Despite his success, Robbins is still on the road most of the year, holding seminars in cavernous convention centers or coaching people one at a time, delivering his own brand of compelling and charismatic inspiration to thousands of people who are stuck or afraid or discouraged. From wanting to lose weight to starting a new business, from saving a marriage to becoming a millionaire, Robbins has a way to help, and he gets results. He says his message hasn’t really changed over the years. He may not have to try as hard to prove himself, and maybe he knows some things work better than others, but he says, “I’m just as driven—only now I know who I am.”
Still, the outcome is the same. It is big. It is love. It is the feeling he gets when he knows he has reached someone.
“It’s euphoric—it’s out of this world. Sometimes I walk backstage and tear up. I feel like God comes through me. It’s when I see that light in their eyes again, when they’re alive. It’s not always an easy moment—sometimes it’s a pretty tough moment. I will do whatever it takes to get people there without harming them. That’s why I can reach people. They have only so many ways to be stuck, and I have lots of ways to break their stuck-ness. How do I know? You can feel it, you can see it. When you see them lose 30 or 100 pounds. When a guy grows his business 30 percent in a year. You can feel when they go from depressed to lit up. And when you see them three weeks later in a new pattern, it excites the hell out of you. I have friends all over the world because of this.”
Why MONEY?
Robbins explains why he had to write his new book.

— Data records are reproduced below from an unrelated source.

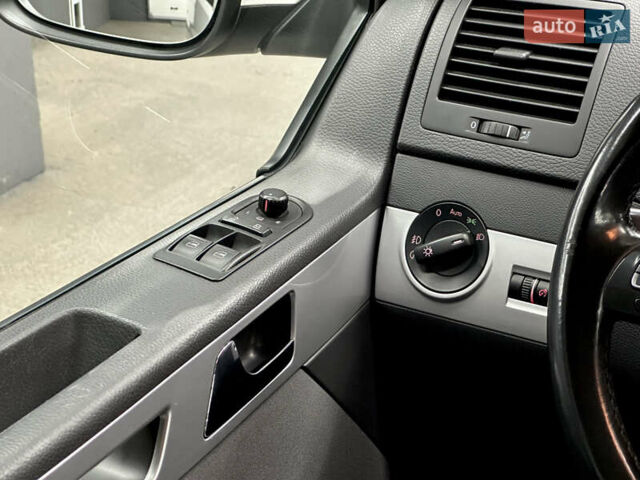 Белый Фольксваген Мультиван, объемом двигателя 1.97 л и пробегом 224 тыс. км за 35000 $, фото 26 на Automoto.ua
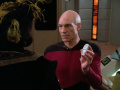 Picard entnimmt Q den Phaser.jpg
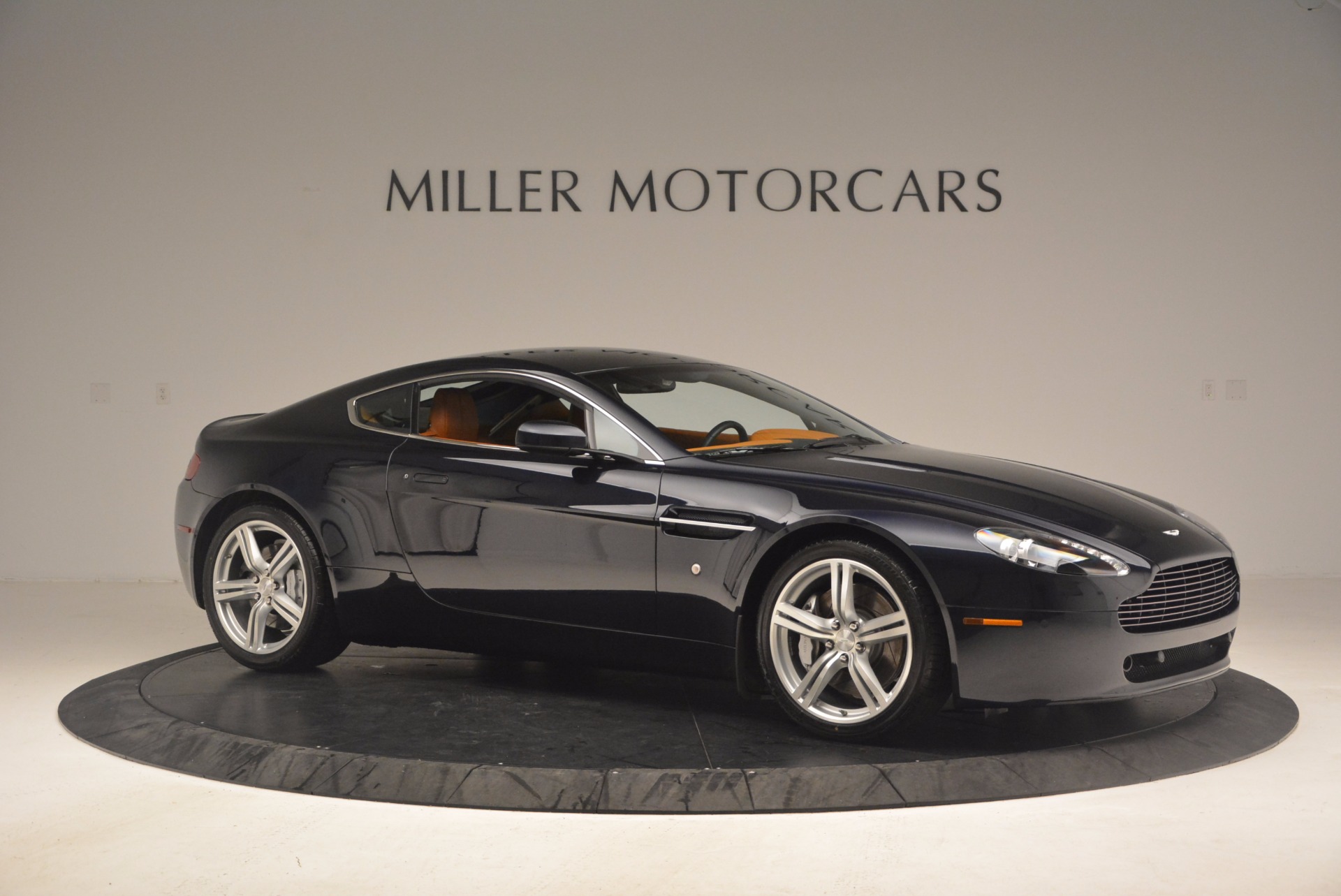 Used-2009-Aston-Martin-V8-Vantage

Tony Robbins admits it’s been a long time since his last best-seller, Awaken the Giant Within, published in 1991. He says it’s because he hates to write.
“First, I’m a person whose tempo is very rapid. My fingers can never go as fast as my brain functions. Second, when I speak I can see the impact. I’m changing constantly to get where I want to go [to reach people]. In a book, it’s permanent, and you have no feedback device and you are alone and it’s slow.”

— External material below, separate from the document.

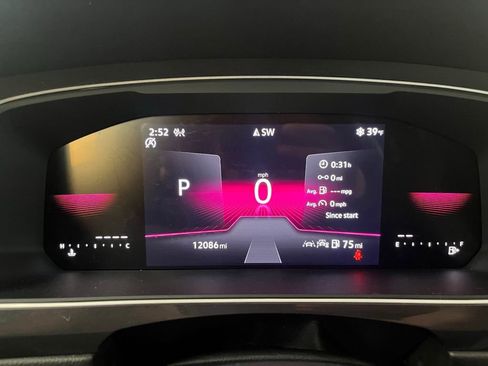 Certified 2024 Volkswagen Tiguan SE R-Line image 23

All that changed when he saw how badly people were impacted by the recession. “I was so angry,” he says. “I saw all of my childhood pain in everyone around me, from my barber to billionaire clients.”

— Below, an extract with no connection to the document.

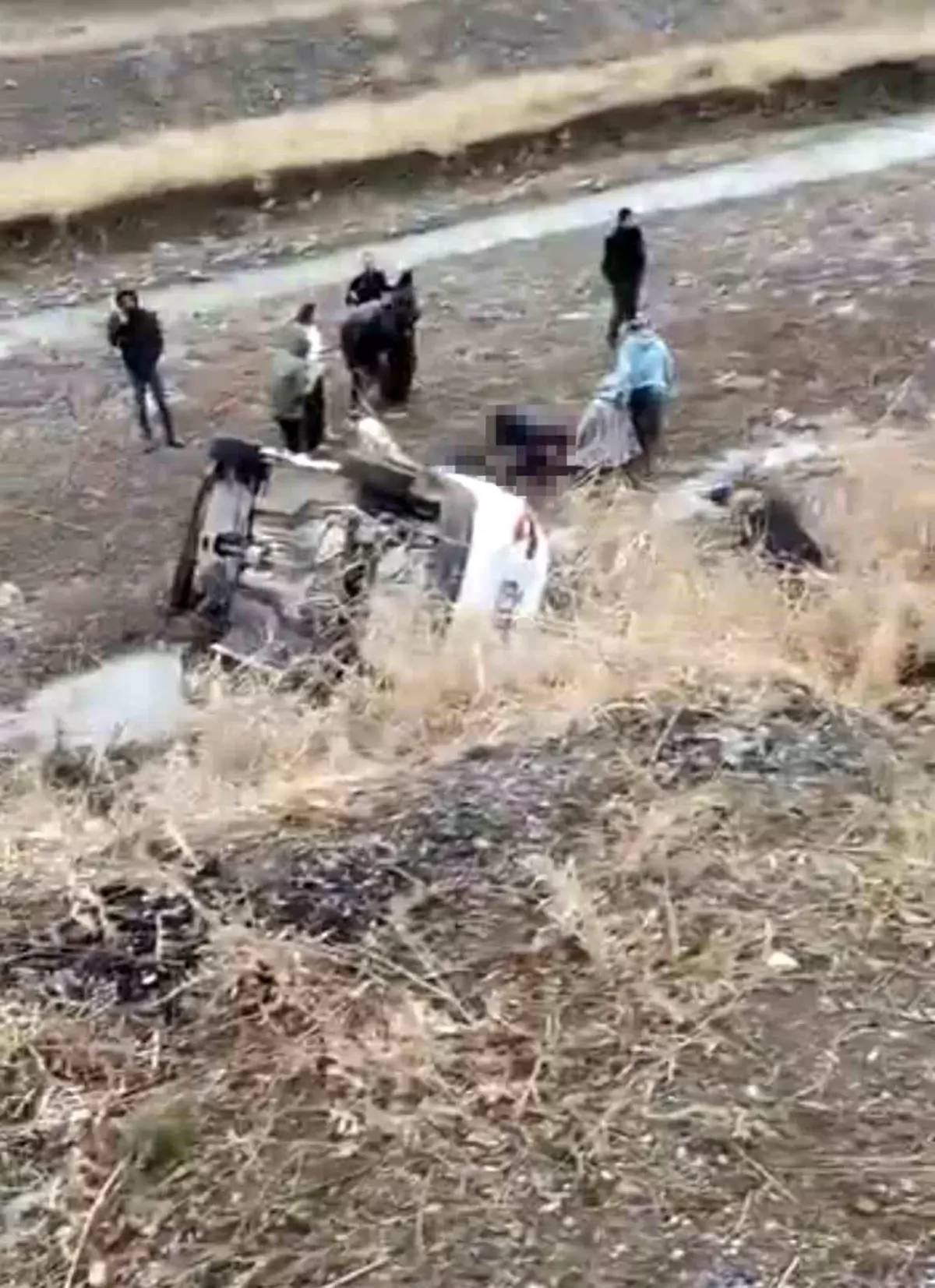 Muş'ta zincirleme trafik kazası: 1 ölü, 2 yaralı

That’s when he began work on MONEY: Master the Game; 7 Simple Steps to Financial Freedom. “For the past two years, I just went full-tilt and started doing the writing and interviewing intensely. I wanted to write the definitive book on this that would level the playing field, that would put you back in control—that would give you basic financial stability so you would not have to worry if you take these seven steps.”